#### Instructions to follow:
Please retype the records below exactly, leaving out any pictures.

#### Given entries:
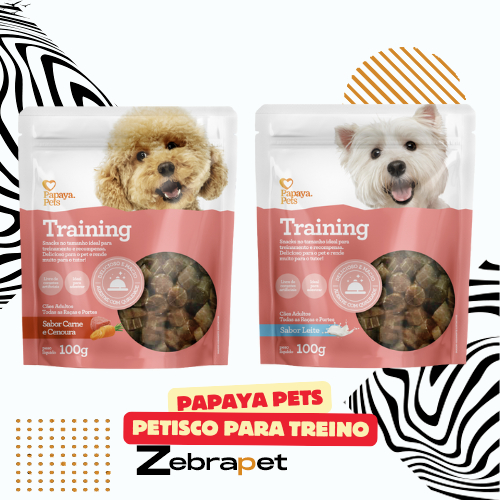 Papaya Pets - Training Snack Petisco p/ Cães - Sabor Carne c/ Cenoura e Leite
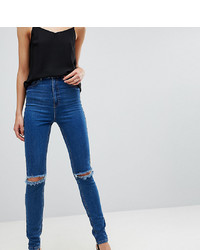 Asos Tall Farleigh High Waist Slim Mom Jeans In Bonnie Wash With Super Wide Busted Knee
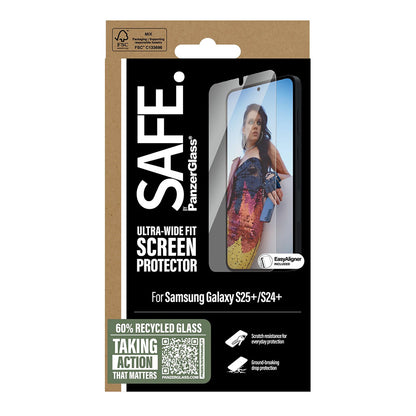 Beschermfolie PanzerGlass Safe Scherm. Ultra-Wide Fit EasyAligner voor Samsung Galaxy S25+ S936 / S24+ S926, Gehard Glas, Volledige Lijm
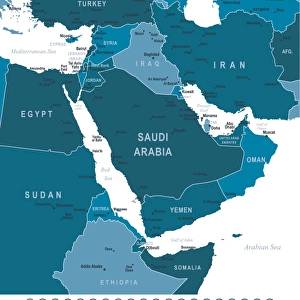 Map of Middle East and Navigation Icons
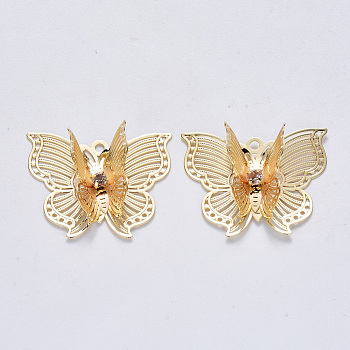 Brass Cubic Zirconia Filigree Pendants, Nickel Free, Butterfly, Real 18K Gold Plated, 24.5x30.5x11mm, Hole: 1.8mm
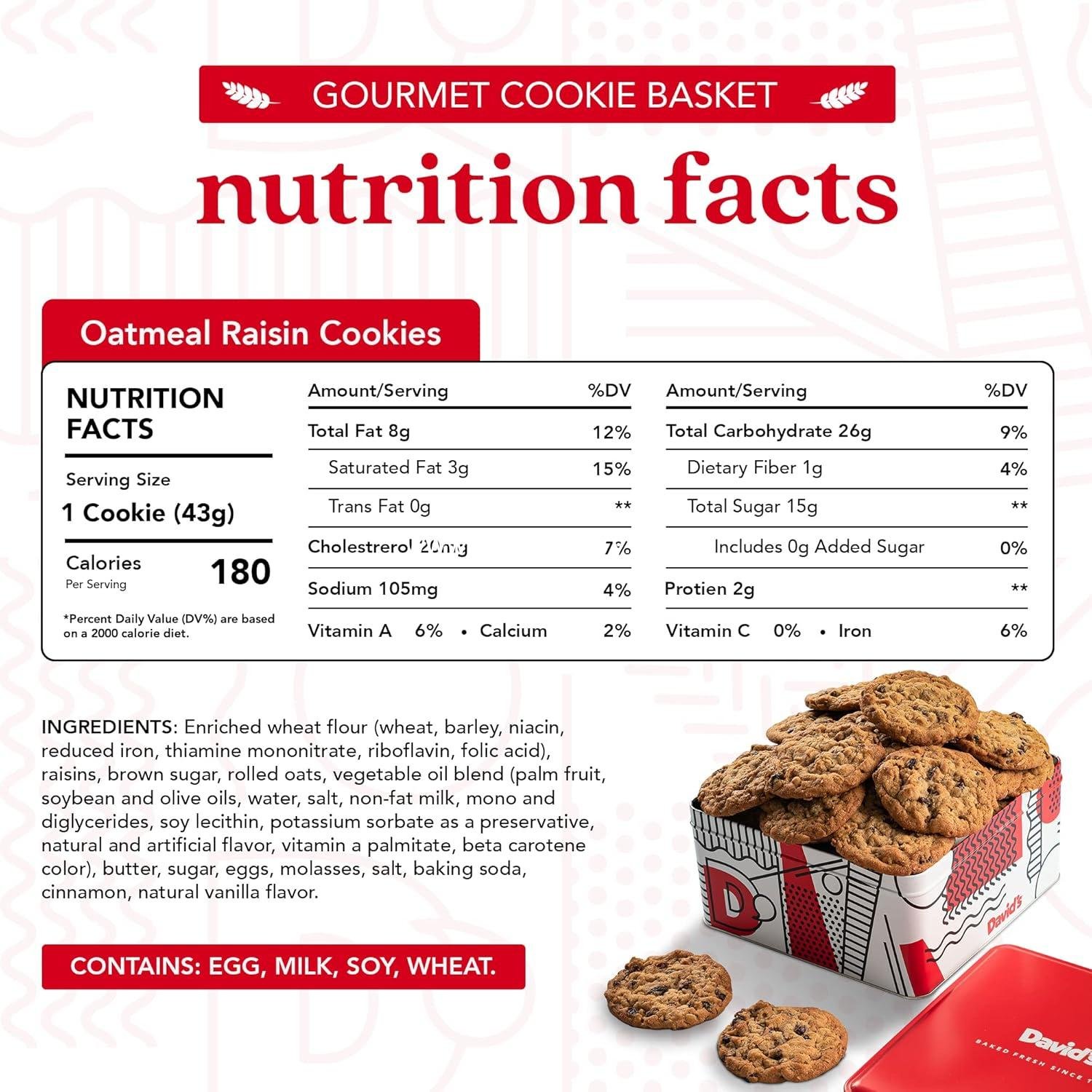 Wholesale Oatmeal Raisin Fresh Baked Cookies - 2lbs of Delectable, Premium Ingredients - No Added Preservatives Cookie Gift Basket Factory Wholesale Oatmeal Raisin Fresh Baked Cookies - 2lbs of Delectable, Premium Ingredients - No Added Preservatives Cookie Gift Basket Factory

#### Answer to this problem:
 Papaya Pets - Training Snack Petisco p/ Cães - Sabor Carne c/ Cenoura e Leite
 Asos Tall Farleigh High Waist Slim Mom Jeans In Bonnie Wash With Super Wide Busted Knee
 Beschermfolie PanzerGlass Safe Scherm. Ultra-Wide Fit EasyAligner voor Samsung Galaxy S25+ S936 / S24+ S926, Gehard Glas, Volledige Lijm
 Map of Middle East and Navigation Icons
 Brass Cubic Zirconia Filigree Pendants, Nickel Free, Butterfly, Real 18K Gold Plated, 24.5x30.5x11mm, Hole: 1.8mm
 Wholesale Oatmeal Raisin Fresh Baked Cookies - 2lbs of Delectable, Premium Ingredients - No Added Preservatives Cookie Gift Basket Factory Wholesale Oatmeal Raisin Fresh Baked Cookies - 2lbs of Delectable, Premium Ingredients - No Added Preservatives Cookie Gift Basket Factory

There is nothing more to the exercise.